Submitted by John Potthast, Oct 13, 2007 04:48

Adam Kirsh's review of Janet Malcolm's Two Lives is pleasant to read and a nice introduction to three maybe five new people for me. I had read Stein's delightfully written Wars I Have Seen. I mistakenly concluded that Gertrude wasn't Jewish since she had stayed in France. Stein shows a mastery of control of style by going back to fundamental rhythms of language in the voice. It is peculiar that I recall her "Pigeons on the grass, alas," somewhat repetitiously more than James Joyce's expressions in Portrait of An Artist from my first course in American Literature even if the Portrait may have had more immediate and powerful effects on me. Stein's influence was not only direct in her writing but indirect in her influence on Hemmingway. He probably had the courage to chop up his sentences in response to to her instruction to witness those daily American rhythms.

Tracy Karon incorrectly assumes that there is some kind of normal or standard brain or mental function. The physical dependence of ideas on the materials of life is unknown. Our greatest American playwright Eugene O'Neill was a drunk. Nobel prize winning writer Faulkner liked to drink. Our culture is greater by their work under the influence. Writing under the influence of marijuana has not been so much a matter of record but I am certain that it has been widespread. Marijuana and other drugs and we might think both of the beats but also Coleridge's "In Xanadu," supposedly one of the greatest, if partial, poem in the English language. We might note too Blake's visions likely caused by ergot. It is not under what influence but what is done with it. Blake's poetry is normally considered among the best lyrical poetry in English.

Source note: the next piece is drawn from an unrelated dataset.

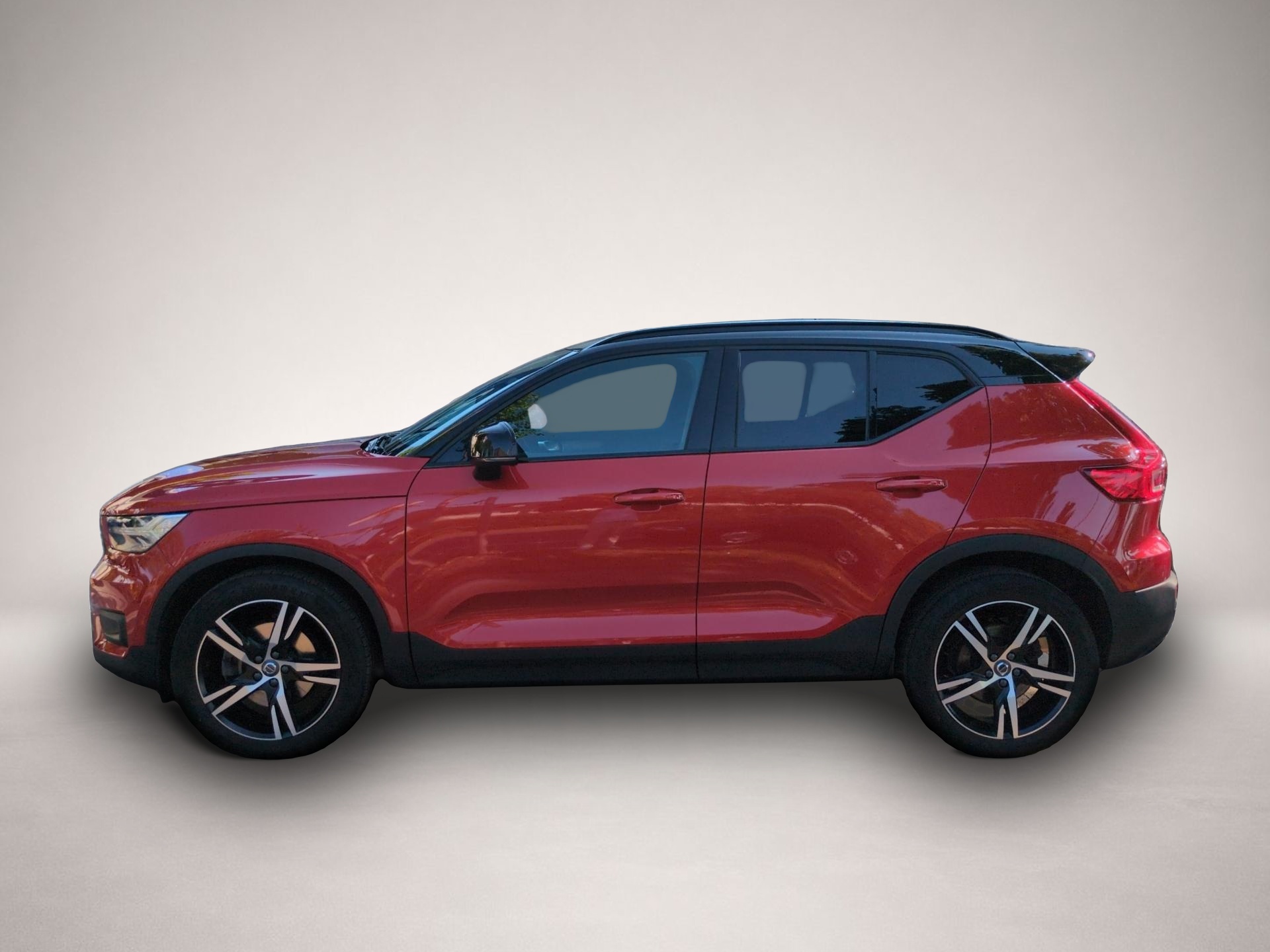 Bild 6 Volvo XC40 XC 40 R Design 2WD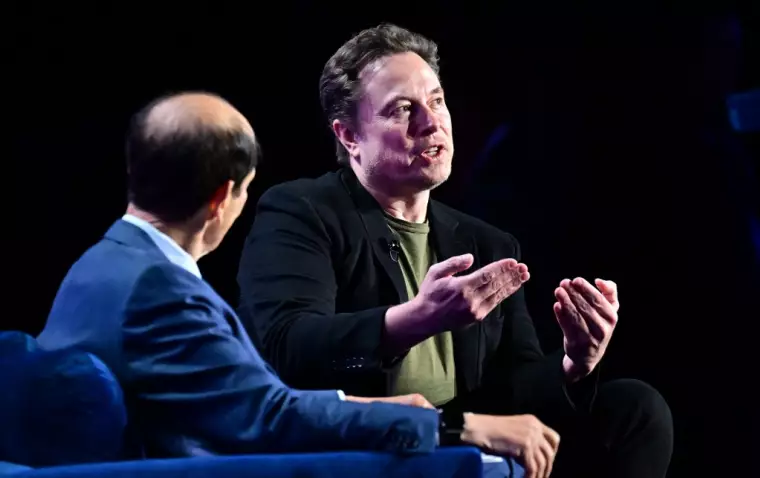 Présidentielle: Elon Musk apporte officiellement son soutien à Trump après les événements à son meeting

For all their drinking of wine, the French are not backward in their intellectual achievements. My reading of Sartre and Camus has made me conclude that they probably smoked pot. Awareness of effects allows one to be aware of physical reality, some basic matters of existentialism. The only area of intellectual thought I have found smoking marijuana limiting has been in mathematics probably because it is dependent on firm logic.

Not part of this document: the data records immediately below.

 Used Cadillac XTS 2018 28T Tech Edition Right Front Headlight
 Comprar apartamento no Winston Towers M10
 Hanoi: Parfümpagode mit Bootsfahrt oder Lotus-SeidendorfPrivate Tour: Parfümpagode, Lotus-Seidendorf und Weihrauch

Not even stern religious fundamentalism will make your thoughts worth thinking. The mistake can be identified from a postmodern viewpoint, the mistake of thinking that individually we are thinking. It is rather our words that are thinking.

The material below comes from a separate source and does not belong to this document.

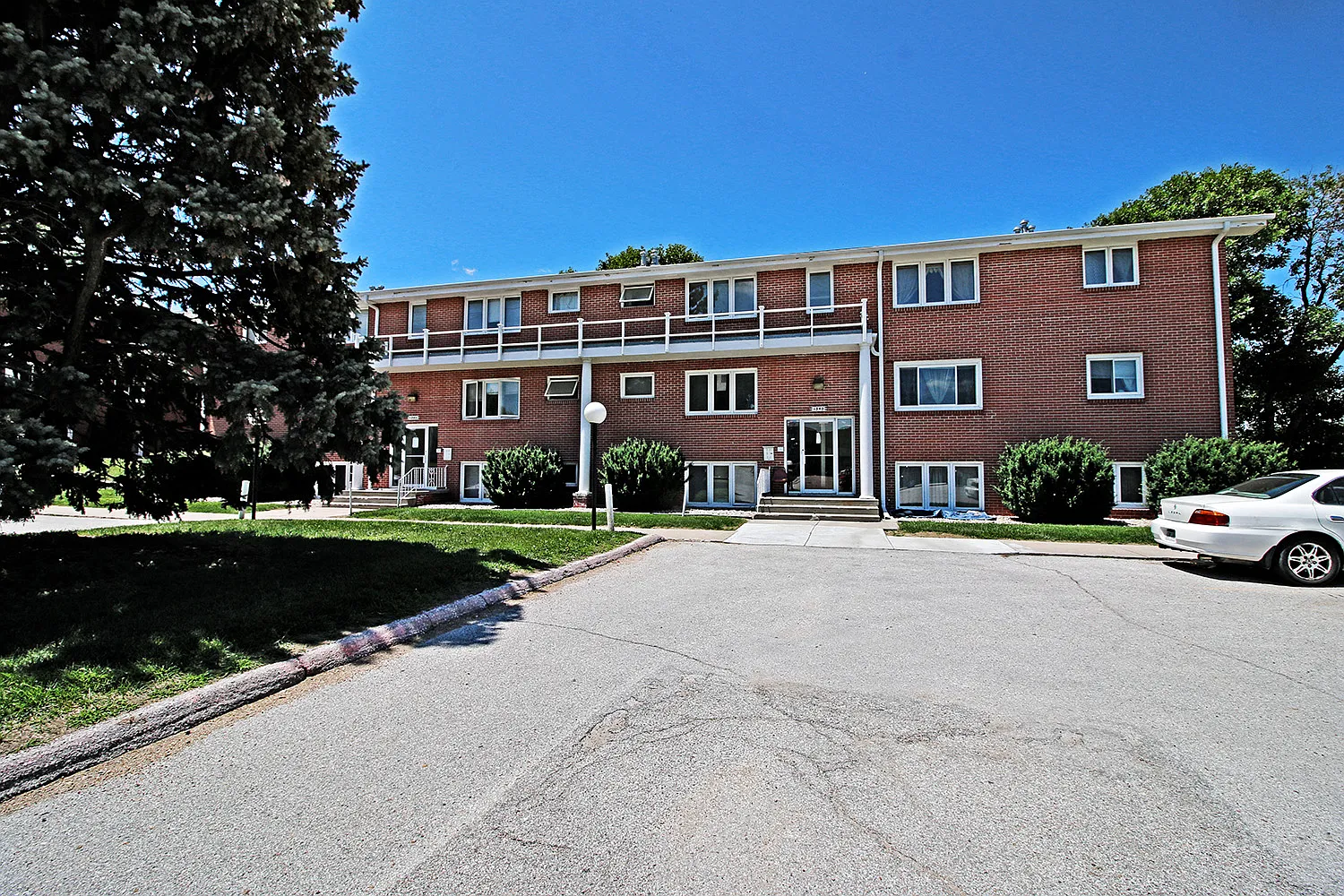 Flats on 75th — Photo 2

Patrick D. Hazard perhaps says that theology is the product of class consciousness. I am not sure I disagree with that. What is the usefulness of noting that? I am interested in discovering a postmodern viewpoint. Stein's innovations in writing explored territory that has been more appropriately revealed by the postmodern view. Of course what goes first is the plot and the narrative. I am critical of many "moderns" who think they are postmodern with the addition of few words - actually the first lesson of postmodernism. The key text is Foucault's Les mots et les choses. It hasn't been translated into English except the mishmash The Order of Things - also incidentally an application of the postmodernism to the problem of translation. At the time the words did not exist in English and the committee that R.D. Lang hired to translate were not able to do so.

I imagined that someone from Kansas did translate it properly, ten years later in the 80s. Because of the confusion of the titles in French and in English and in the sequel, The Archeology of Knowledge, also the subtitle of the original Les mots et les choses, I have not be able verify yes or no that there was another translation. The Order of the Things is the 'approved" translation but it is just trash.

Seeing the origin of the postmodern in Derrida's The Archeology of the Frivolous: Reading Condillac I shouldn't wonder if the antidote to the mistakes of the modern may have something to do with what is postmodern. I see the origins of the modern as early as the 1600s at the same time.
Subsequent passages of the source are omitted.